Ich rede über die 1873 entstandene Novelle „Zum wilden Mann“. Die Geschichte vom Wilden Mann (als einer beweglichen und zugleich statistischen Figur) gehörte gut und gern hundert Jahre zum Kanon. Sie handelt von dem altgedienten Haudegen Colonel Dom Agostin Agonista, der seine Gestalt in kolonialen Abenteuern erhielt. Raabe beschäftigte sich mit einem Typus, den es vor den Ausbeutungsfeldzügen im Globalen Süden nicht gab.
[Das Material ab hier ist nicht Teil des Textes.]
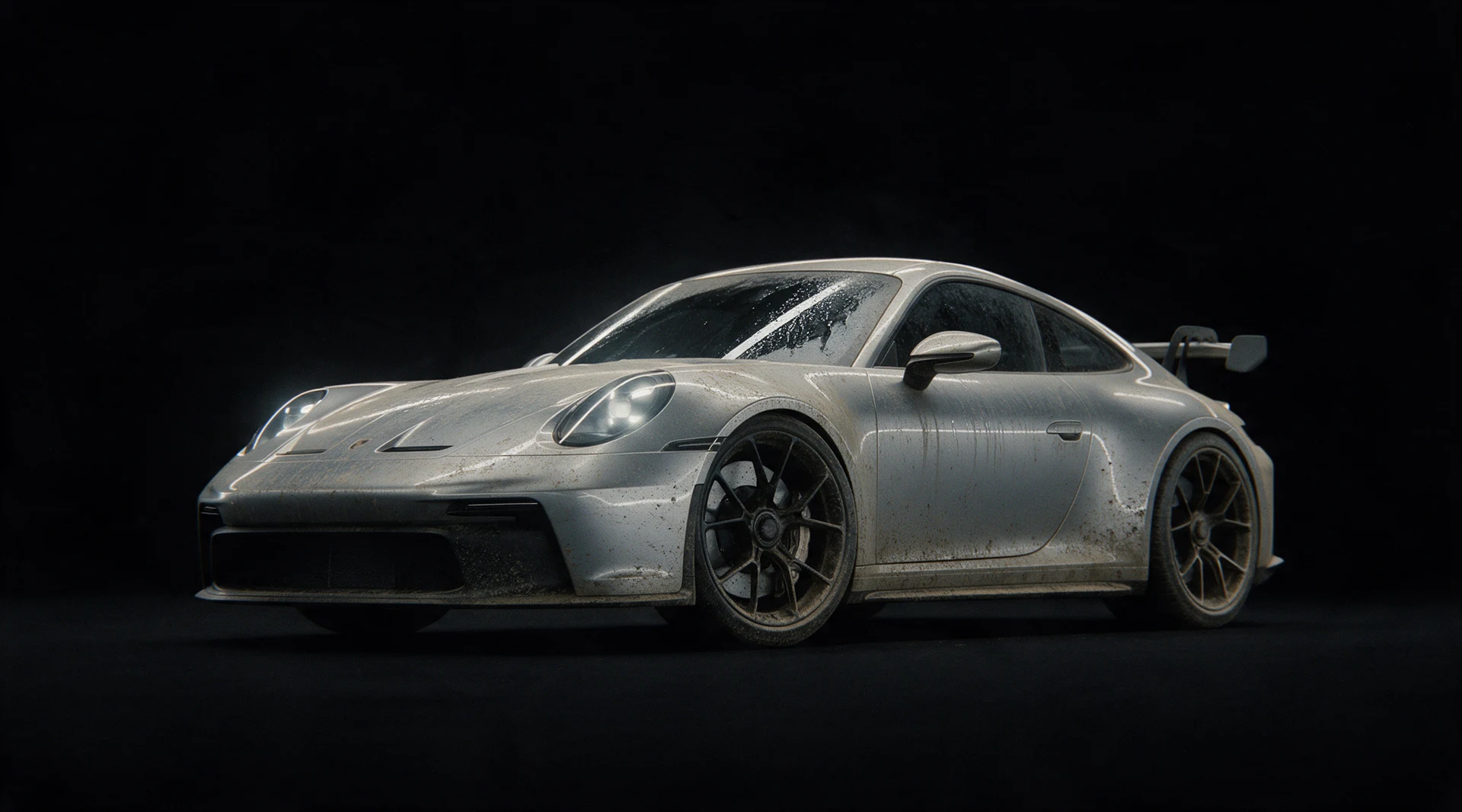 Road-worn silver coupe before its detail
Das ist ein Schlächter und Schinder, der mit seiner Schwadron über Aufständische hinwegreitet.
Der Autor spielt mit den Chancen der Koinzidenz.
Ein Schauplatz des handlungsarmen Geschehens - eine im Thüringer Harz nahe dem Kyffhäuser stationierte Apotheke - heißt „Zum wilden Mann“. Die Gegend selbst nimmt das Thema auf. Markante Punkte tragen martialische Namen. Heraus ragt der „Blutstuhl“, dem in Chroniken die besondere Bedeutung einer germanischen Versammlungsstätte zukommt.
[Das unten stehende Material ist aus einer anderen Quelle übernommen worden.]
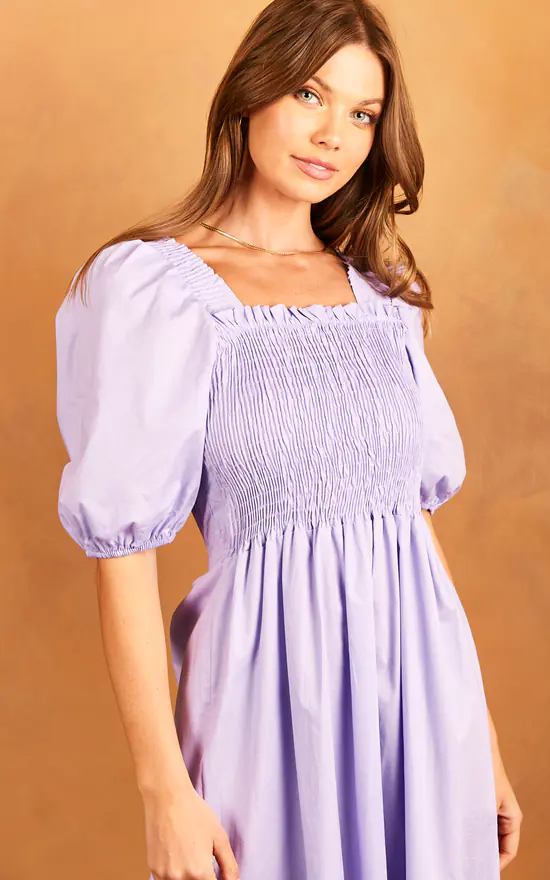 Bella Midi Shirred Smock Dress With Balloon Sleeves Lilac - Image 2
Raabe gibt sich viel Mühe mit Echo und Hall. Ich bringe keine Leidenschaft im Aufspüren der Verdopplungen von Motiven mit. Das Wetter ist so, dass man keinen Hund auf die Straße lassen möchte, das Gelände liegt da zerklüftet und entlegen. Nun kommt in die Behaglichkeit einer guten Stube (der möblierte Dachstuhl der Apotheke) zu Honoratioren (Fürsten des provinziellen Alltags) einer aus der großen Welt, die alle anderen nur vom Hörensagen kennen.
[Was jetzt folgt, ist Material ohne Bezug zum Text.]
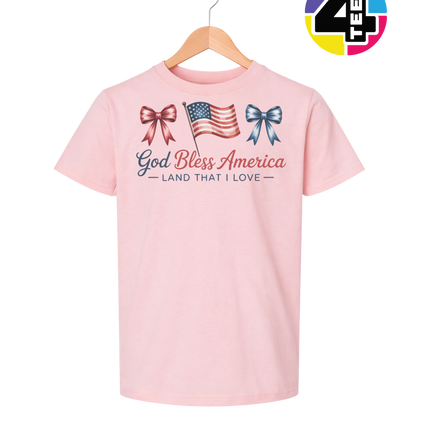 God Bless America Bows & Freedom Youth Tee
Der Kolonialismus hatte im 19. Jahrhundert auch noch im letzten Krähwinkel seine Resonanzkörper. Die untüchtig Zurückgebliebenen kannten sich auf ihre Weise damit aus. Sie konsumierten Kolonialwaren so wie sie die Erzählungen von den Wilden im Westen konsumierten. Agonista kehrt als ausrangierter Söldner im Dienst des brasilianischen Kaisers zurück in die alte Heimat.
Raabe wählte Brasilien mit Bedacht. Unter einer (aus einem portugiesischen Exilhof herausgewachsenen) im Grunde europäischen Herrschschaft (Segundo Império do Brasil) hielt sich zäh die erzkoloniale Sklavenhalter:innengesellschaft.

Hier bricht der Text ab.